● **Exercise prompt**: For the data below, report how many lines include the word "Hotel", and write nothing else.

**** Data provided ****

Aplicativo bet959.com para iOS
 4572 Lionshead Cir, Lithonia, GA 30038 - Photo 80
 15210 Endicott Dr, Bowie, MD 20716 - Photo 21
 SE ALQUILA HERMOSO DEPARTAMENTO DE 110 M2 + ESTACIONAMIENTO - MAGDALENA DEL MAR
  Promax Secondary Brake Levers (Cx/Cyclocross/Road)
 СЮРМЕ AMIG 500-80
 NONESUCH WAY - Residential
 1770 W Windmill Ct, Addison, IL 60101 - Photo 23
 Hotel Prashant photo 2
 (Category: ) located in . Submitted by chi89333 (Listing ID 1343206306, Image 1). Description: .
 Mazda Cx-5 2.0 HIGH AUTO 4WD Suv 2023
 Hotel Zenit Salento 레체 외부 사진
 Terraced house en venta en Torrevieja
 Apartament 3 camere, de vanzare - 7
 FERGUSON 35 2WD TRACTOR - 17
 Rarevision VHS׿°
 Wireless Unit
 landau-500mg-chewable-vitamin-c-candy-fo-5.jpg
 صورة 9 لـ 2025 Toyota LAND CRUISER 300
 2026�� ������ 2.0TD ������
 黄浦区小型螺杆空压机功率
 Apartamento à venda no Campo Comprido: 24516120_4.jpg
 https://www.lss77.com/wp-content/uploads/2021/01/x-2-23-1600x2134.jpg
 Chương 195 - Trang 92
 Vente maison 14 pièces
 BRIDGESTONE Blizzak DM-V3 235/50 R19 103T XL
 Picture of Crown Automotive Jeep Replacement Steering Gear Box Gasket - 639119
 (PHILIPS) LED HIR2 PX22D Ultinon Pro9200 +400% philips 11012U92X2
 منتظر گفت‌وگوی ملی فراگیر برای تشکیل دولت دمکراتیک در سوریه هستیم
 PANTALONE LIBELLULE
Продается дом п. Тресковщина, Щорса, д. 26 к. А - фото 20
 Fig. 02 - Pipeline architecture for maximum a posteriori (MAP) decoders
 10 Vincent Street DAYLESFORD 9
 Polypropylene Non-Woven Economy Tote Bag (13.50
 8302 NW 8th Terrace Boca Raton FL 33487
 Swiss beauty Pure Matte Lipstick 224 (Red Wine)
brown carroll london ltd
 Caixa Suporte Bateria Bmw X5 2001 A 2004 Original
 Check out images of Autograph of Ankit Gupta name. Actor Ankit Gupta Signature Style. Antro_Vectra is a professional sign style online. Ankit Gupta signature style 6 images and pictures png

****

● **Response for this exercise**: 2